Marielle presente. Bandeira do Coletivo Flamengo da Gente. Paulo Barros. Arquivo Dona Orosina Vieira, 2019.

O livro “A Maré em 12 Tempos” é resultado de projeto aprovado no Edital II Programa de Fomento à Cultura Carioca – Modalidade: Museus, da Secretaria de Cultura da Prefeitura da Cidade do Rio de Janeiro, e também foi concretizado pela parceria com a Casa de Oswaldo Cruz – Fiocruz e com a instituição alemã Misereor. A obra tem como organizadores os diretores do CEASM Antônio Carlos Pinto Vieira, Cláudia Rose Ribeiro da Silva e Luiz Antonio de Oliveira.

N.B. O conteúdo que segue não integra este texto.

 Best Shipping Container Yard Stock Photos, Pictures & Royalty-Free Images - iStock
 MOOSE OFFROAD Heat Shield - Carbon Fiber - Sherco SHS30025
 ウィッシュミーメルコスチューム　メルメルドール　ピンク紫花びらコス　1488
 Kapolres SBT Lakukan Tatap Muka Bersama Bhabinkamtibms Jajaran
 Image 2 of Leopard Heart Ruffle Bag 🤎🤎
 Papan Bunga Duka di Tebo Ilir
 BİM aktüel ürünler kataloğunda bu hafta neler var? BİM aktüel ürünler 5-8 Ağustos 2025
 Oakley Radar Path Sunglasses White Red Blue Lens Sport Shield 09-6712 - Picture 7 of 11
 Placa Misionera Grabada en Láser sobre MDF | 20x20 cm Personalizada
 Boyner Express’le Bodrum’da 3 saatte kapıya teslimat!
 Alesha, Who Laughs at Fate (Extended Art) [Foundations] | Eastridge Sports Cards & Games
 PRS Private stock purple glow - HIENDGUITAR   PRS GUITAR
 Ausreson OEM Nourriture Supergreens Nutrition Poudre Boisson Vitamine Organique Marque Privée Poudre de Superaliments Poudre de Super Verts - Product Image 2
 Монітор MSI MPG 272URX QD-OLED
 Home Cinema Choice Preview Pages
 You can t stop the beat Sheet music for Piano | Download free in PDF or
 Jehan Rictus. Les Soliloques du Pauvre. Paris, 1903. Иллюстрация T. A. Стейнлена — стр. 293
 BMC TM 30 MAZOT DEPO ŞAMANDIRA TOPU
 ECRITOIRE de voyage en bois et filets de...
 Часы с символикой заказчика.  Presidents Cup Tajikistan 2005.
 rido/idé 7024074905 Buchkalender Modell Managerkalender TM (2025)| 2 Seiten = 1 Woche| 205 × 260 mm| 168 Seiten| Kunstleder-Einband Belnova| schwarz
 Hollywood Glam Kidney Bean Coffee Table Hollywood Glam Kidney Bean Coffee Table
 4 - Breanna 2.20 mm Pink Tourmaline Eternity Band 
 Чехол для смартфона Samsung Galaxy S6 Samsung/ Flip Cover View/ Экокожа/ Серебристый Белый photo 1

O evento de lançamento do livro foi a primeira atividade do projeto Museu da Maré: Arte, Patrimônio e Diversidade, selecionado pelo edital Lei Aldir Blanc Cultura Viva RJ de apoio aos Pontos de Cultura do Rio de Janeiro. O 2º Encontro Memória e Patrimônio acontece em 24 de fevereiro, no Youtube do Museu, e será o lançamento do livreto “Um Mar de Histórias”, um material sobre o acervo do Museu, com a proposta pedagógica de ser trabalhado junto aos professores e estudantes das escolas da Maré.